Marie Brennan's Blog, page 87
September 16, 2018
From Zero to DNF in 3.6 Seconds
There’s a book I was almost done with and about to put on my list of Books Read — until it managed to drive me off in no time flat. And I want to post about why.
Content warning for sexual assault, including upon dead bodies. Which right there is the tl;dr of why I stopped reading, but I want to unpack the situation a bit more.
The book in question is The Writing in the Stone, by Irving Finkel. If you recognize the author’s name, it’s not from the realm of fiction; it’s because he’s currently the Assistant Keeper of Mesopotamian Script at the British Museum — which doesn’t sound like it would make you famous, and in the grand scheme of things he isn’t. But he’s charming enough that he’s been featured in a number of Youtube videos, doing things like teaching people to play the Royal Game of Ur or explaining how to enact an ancient Mesopotamian curse. I watched several of his videos while working on Turning Darkness into Light (because the Draconean script is inspired by cuneiform), and found them very entertaining, and so when I heard he’d written a novel about ancient Mesopotamia, I was intrigued.
I should say up front: it isn’t a great novel. So far as I know, it’s the only one Finkel has ever written; much of it is written just as summarizing omniscient narration, only sometimes dipping down into the specifics of a scene and with very few conversations. But since in length it might be no more than a novella, I shrugged and kept reading, because I liked the idea of a novel about ancient Mesopotamia written by an expert on the subject.
Even had it been written in more engaging novelistic style, I don’t think I would have been that engaged. The inspiration for the story is a real-world stone that fractures in a pattern which looks almost exactly like cuneiform — in fact, the more you stare at it, the more you can convince yourself you recognize a sign here and there. (Assuming you read cuneiform.) Finkel’s idea was that if a stone like this had been found in ancient times, it would have freaked people out, because it would have looked like an illegible message from the gods. Which is a cool concept! But he chose to approach it from the perspective of the story’s villain, which is not an approach I generally like. The main character — a highly-placed royal scribe, referred to as the First Exorcist (nobody in here has an actual name) — sees the existence of the stone as such a threat to his power that he starts systematically killing everyone along the chain of provenance, trying to hide all evidence of the thing, and even raising the ghost of the man who originally brought it there to find out if there are any more like it. (In a more fully-developed novel, you could have had the bad guy doing this, but told the tale from the viewpoint of a protagonist trying to stop him.)
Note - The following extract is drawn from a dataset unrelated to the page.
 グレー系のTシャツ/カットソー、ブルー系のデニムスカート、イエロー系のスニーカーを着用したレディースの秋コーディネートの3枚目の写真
At this point you may be wondering: how does sexual assault figure into this?
You’re justified in asking this question, because the answer is, it doesn’t. That’s part of the problem. That element comes out of left field. No — it comes from somewhere outside the ballpark entirely. It is wholly unnecessary. We can have debates about the extent to which it’s “necessary” in any given story, but here there is no debate; it is 100% tacked on.
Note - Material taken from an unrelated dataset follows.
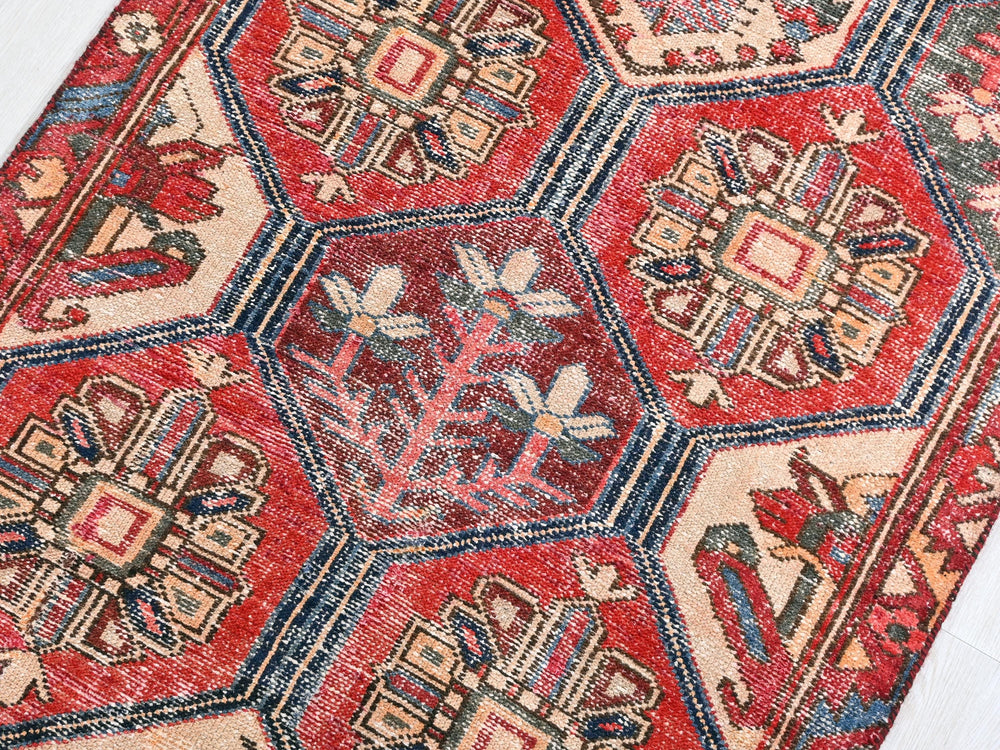 a red rug with many different designs on it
The First Exorcist has a henchman along with him, a man referred to as Cook. For bonus unpleasantness points, Cook seems to have some kind of mental disability, being essentially nonverbal. They’ve traced the stone back to a rural village, where a traveler in possession of the stone died and was buried; after murdering the assistant priest at that temple, the First Exorcist raises the spirit of the dead man and questions him. Then they get caught by the family whose barn they’re hiding in, and murder those people, too.
Okay. We’re reading a story about a guy who’s killing absolutely everybody who gets in his way: this is just more of the same. What is not more of the same is that the narrative takes the time to let you know that Cook rapes the mother and the daughter — the mother once; the daughter twice — and since he smashed their heads together before doing this, the First Exorcist wonders if they’re even still alive while he rapes them.
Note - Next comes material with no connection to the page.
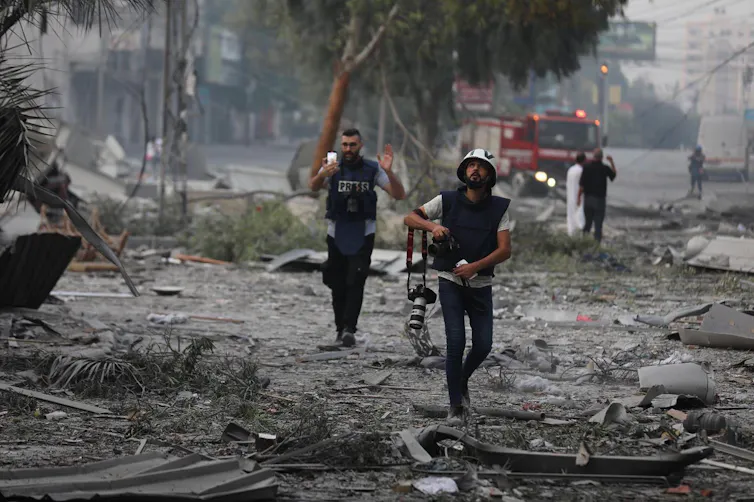 Two journalists wearing jackets saying PRESS walk through devastated area in Gaza.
At this point I flinched. It came so much out of nowhere that I wasn’t mentally prepared for it . . . but it was just a couple of lines (in a book that rarely spends more than a couple of lines on anything, except key moments like the ritual the Exorcist uses to raise the ghost), so my reaction was basically, “ugh, that’s gross, but I’m near the end of the book, and the rest of it hasn’t been like this, so I’m going to pretend that didn’t happen and just move on.”
A few pages later I was even closer to the end of the book, but it no longer mattered. I put it down, and will not finish.
See, when the First Exorcist and Cook arrived in the village, there was a fleeting mention of how Cook wandered off to get some food and “probably a woman,” since it had been a while since he had one. Which came across in a kind of nasty light when the story is essentially devoid of female characters; I think the sole exception was a priestess who assisted in one of the early murders. But since there are very few characters in the book overall, whatever.
It stopped being “whatever” in a hurry after the barn scene, when the First Exorcist wakes up to find Cook wrapped in a cloak and looking weirdly deformed, noverbally indicating he has some kind of problem. When Cook pulls the cloak aside, it’s revealed that he was out raping another woman . . . and has somehow gotten caught inside her, so that he has the body of a dead woman flopping off his penis.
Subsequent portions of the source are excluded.